Не удивительно ни то, что картина получилась «эпохальной», какой её ожидал увидеть сам Борис Стругацкий, ни то, что это кино обладает особой «музыкальностью». Когда трудно удивить зрителя закадровой музыкой, оказывается, можно обострить все его чувства до предела отсутствием этого привычного сопровождения…

— Идея оставить в фильме «Трудно быть богом» только ту музыку, которую играет главный герой, появилась наравне со сценарием?

— Это составляло часть Лёшиного мировоззрения. Во время работы над картиной, когда мы уже осели в городе после всех экспедиций, Лёша слушал очень много разной музыки. Сначала он думал, что использует что-нибудь из классики. Но на поверку всё, что он слушал, просто давало ему импульс к съёмкам, монтажу и выражалось в каких-то невидимых для зрителя вещах, например в движении камеры. Какие-то решения Алёша искал в той музыке, которая продолжала звучать у него в голове.
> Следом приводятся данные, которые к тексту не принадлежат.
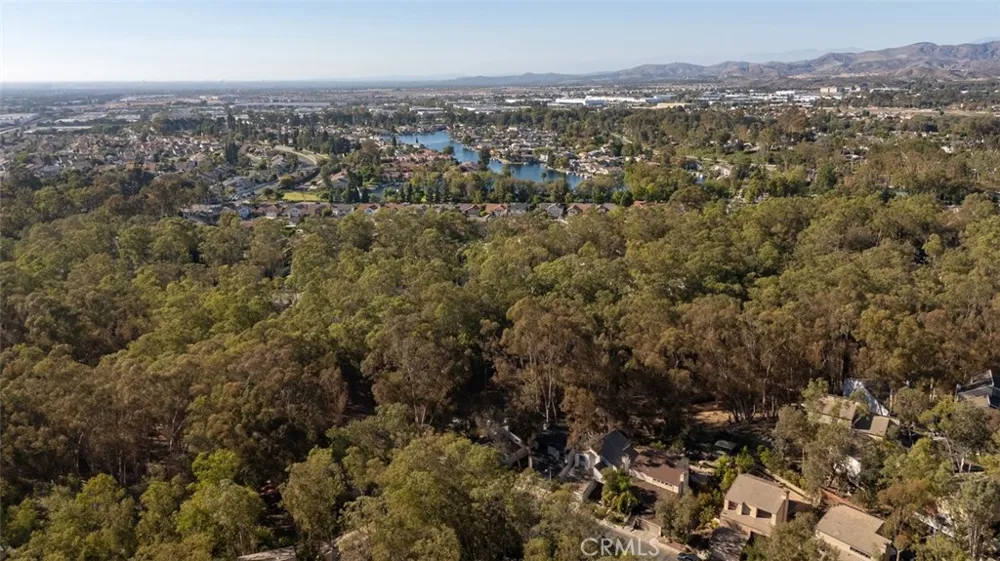 24762 Glenwood Drive Lake Forest, CA 92630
Может быть, фамильярно так говорить, но музыка была «подручным средством». Иной раз группа собиралась, мы все слушали музыку, а затем он объявлял съёмку. Он практически всегда отвергал фоновое реальное музыкальное сопровождение действия. У меня к этому неоднозначное отношение. Так получилось, что в своей квартире я живу за кухней — в отростке маленькой комнаты. Вся квартира огромная, но основная жизнь сосредоточена именно в одном месте. Там стоят большие стеллажи с книжками, тахта, шкаф и телевизор, развёрнутый к комнате. Когда я что-то делаю на кухне, я не вижу изображения, но слышу звук. Вечером я прихожу со студии, включаю телевизор, а там идёт какое-то кино. Я чищу картошку и слышу — запели скрипки. Понимаю: герой с героиней влюбились. Продолжаю готовить. Постепенно мелодия становится всё более угрожающей. Режу морковку и думаю: убьют… или уже убили. Подхожу на секунду, вижу — ещё не убили, но близко к тому… Убеждаюсь, что можно было и не смотреть. Такая сопровождающая музыка меня раздражает. Она навязчиво заставляет предполагать, что будет в последующем кадре, подсказывает мне там, где я сама должна быть в напряжении, ждать, бояться, думать, ужасаться…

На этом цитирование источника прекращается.